The more significant chunks of M bits are added in parallel with the first M bits, so their delay is zero (the additions will be completed at that same time that the first M bit addition is completed since the inputs are available at the same time and the adders are the same).

Since the latency of a simple carry select adder is the sum of the multiplexer latencies and the latency of the M-bit ripple carry adder, making M larger can reduce the number of multiplexers but increases the ripple carry adder delay. For a 64-bit adder, this latency would be Lrca + ((64/M)-1) * Lmux

In addition, since the multiplexer adds some delay (and the fan-out delay for the multiplexer does not increase linearly with M — e.g., a 7-bit multiplexer would not be 16.7% slower than a 6-bit multiplexer), ripple carry adders for more significant bits may be able to use more bits without adding delay.

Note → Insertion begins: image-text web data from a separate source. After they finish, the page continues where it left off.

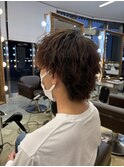 ウルフツイスパ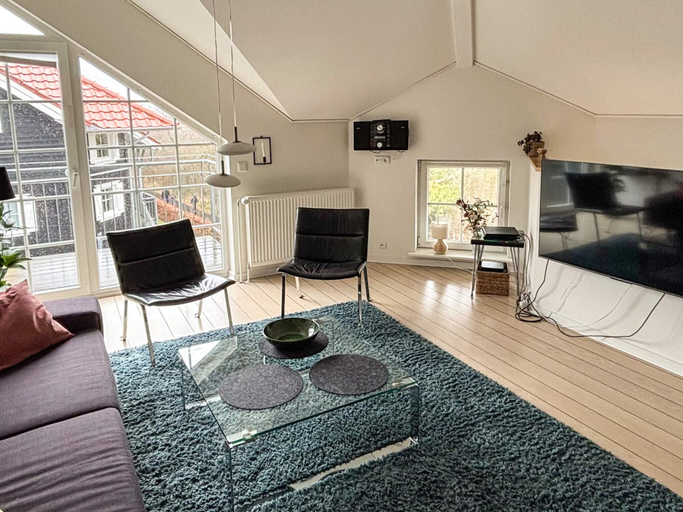 Others 2, 4 Star Holiday Home in Bogense, Nordfyns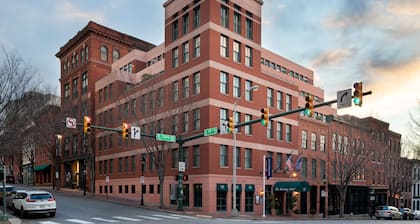 The Berkeley Richmond, Outset Collection by Hilton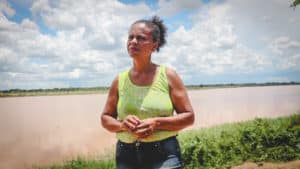 documentario MulheresQueGeram Januaria CaritasMG 2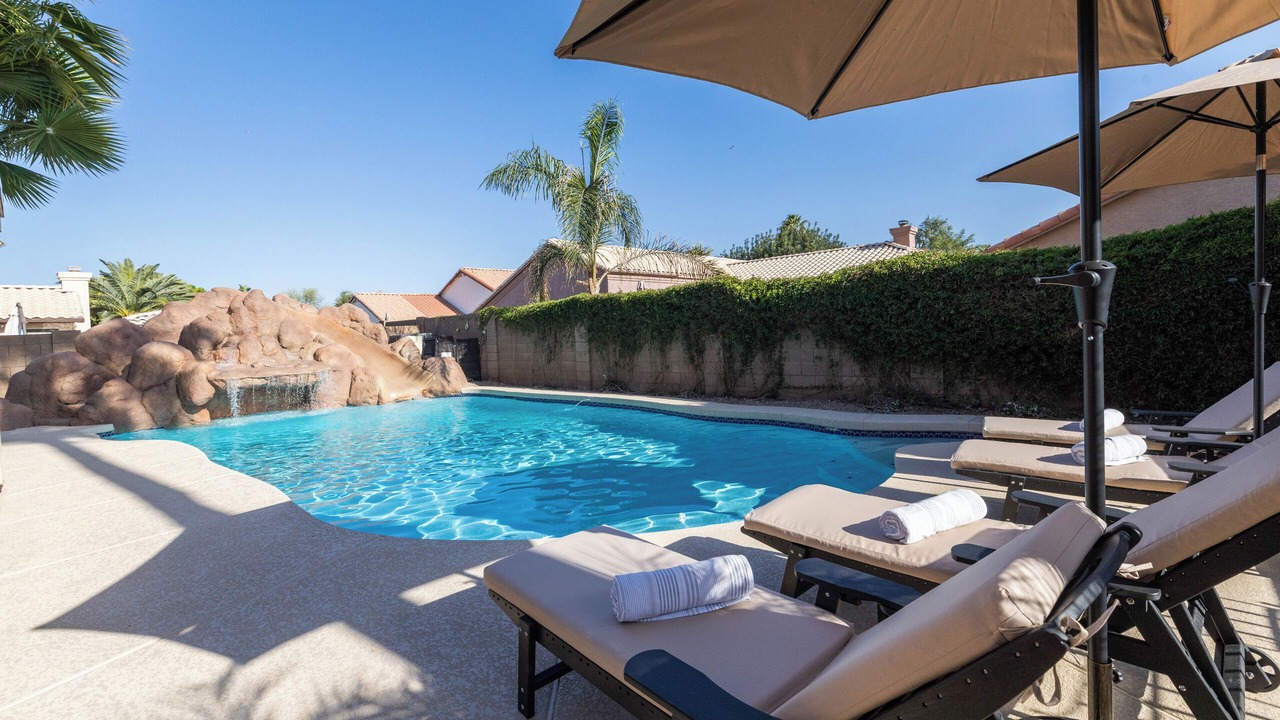 Photo of Outdoor in Val Vista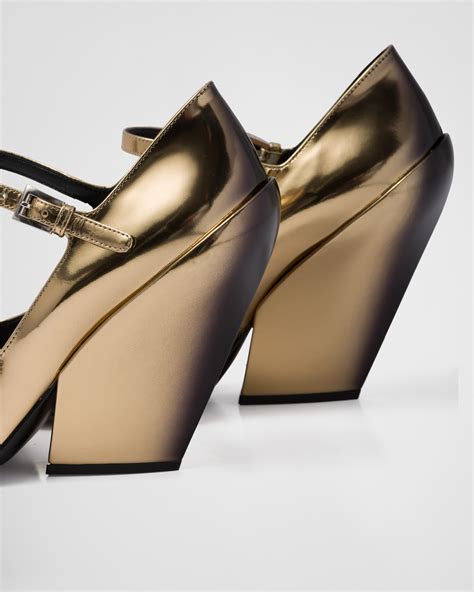 pump prada milano|prada pumps and ballerinas.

Ignoring the complexities of real implementations such as size-dependent multiplexer delay, if the a one bit full adder has N times the latency of a multiplexer, then a minimum-latency 64-bit carry select adder with all stages having the same size would balance ripple carry delay (Lrca = N * M * Lmux) and multiplexer delays ((64/M -1) * Lmux). Finding N * M * Lmux = (64/M -1) * Lmux is solving the quadratic equation N * M2 + M - 64 = 0. If N = 2 (a one-bit full adder has twice the latency of a multiplexer), M = 5.41. In this case M = 5 and M = 6 both give a total latency of a 64-bit adder of 22 multiplexer delays (13 stages of 5 bits: 2 * 5 + 12; 11 stages of 6 bits: 2 * 6 + 10) or 11 one-bit adder delays.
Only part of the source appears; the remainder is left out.